PM'd him. =) I'll post his reply when I get it. I also asked him about the fish we're interested in purchasing from him.


----------



## turtlehead (Nov 27, 2004)

And how about him overstocking on some ADA stuff we want on that day too? In particular some rocks and wood.


----------



## epicfish (Sep 11, 2006)

Alright, post what ADA stuff you want here too.

Someone wanted some Manten stone before. Did you grab that already or not? Any other scaping supplies that you want Kirt to order if he can?


----------



## Neon Shrimp (Apr 26, 2006)

xcooperx said:


> since we having the meeting at All about Fish, im thinking of upgrading my Flourite to ADA AS, how much kirt sell each bag?


They are $34.99 each 9L bag. I think I want to pick up a bag during the meeting also .


----------



## epicfish (Sep 11, 2006)

Neon Shrimp said:


> They are $34.99 each 9L bag. I think I want to pick up a bag during the meeting also .

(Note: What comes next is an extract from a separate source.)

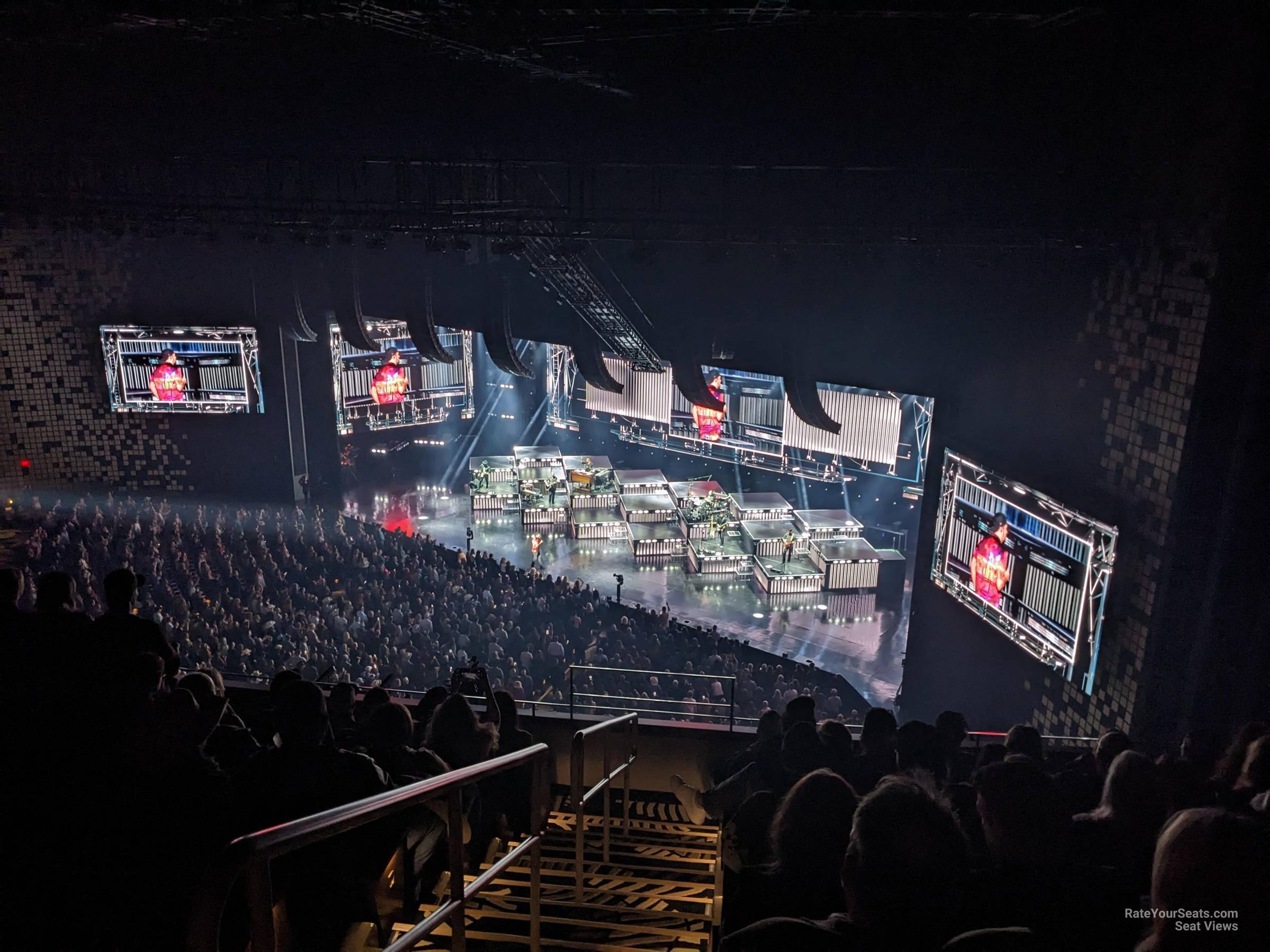 balcony 1, row g seat view  - resorts world theatre las vegas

Post in the meeting thread then. =P

And Southern California Aquatic Plant Enthusiasts too, if you haven't been to the private SCAPE forums.


----------



## turtlehead (Nov 27, 2004)

All the ADA stone he can get, I'll buy as much as I can that day. Seiryu and maten stone in particular, but there are others too, just forgot the names.


----------



## guppy (Mar 7, 2004)

ADA doesn't carry Seiryu stones anymore it is possible to get it from another source though I talked to Aquaforest about this today.


----------



## slickwillislim (Oct 11, 2005)

Green neon tetras (Paracheirodon simulans). I bought the last 15 he had. Want a nice big school for my 60g. They look really nice schooling around.


----------



## epicfish (Sep 11, 2006)

guppy said:


> ADA doesn't carry Seiryu stones anymore it is possible to get it from another source though I talked to Aquaforest about this today.


Where's the source? I'll be up in NorCal this coming week, so if you let me know, I might be able to grab some and bring it back.


----------



## guppy (Mar 7, 2004)

Aquaforest has to get them through a difference supplier other than ADA...


----------



## IUnknown (Feb 24, 2004)

John,
you might want to stick with the Seiryu stone. The manten runs $8.99 a lb. from what I remember.


----------



## epicfish (Sep 11, 2006)

IUnknown said:


> John,
> you might want to stick with the Seiryu stone. The manten runs $8.99 a lb. from what I remember.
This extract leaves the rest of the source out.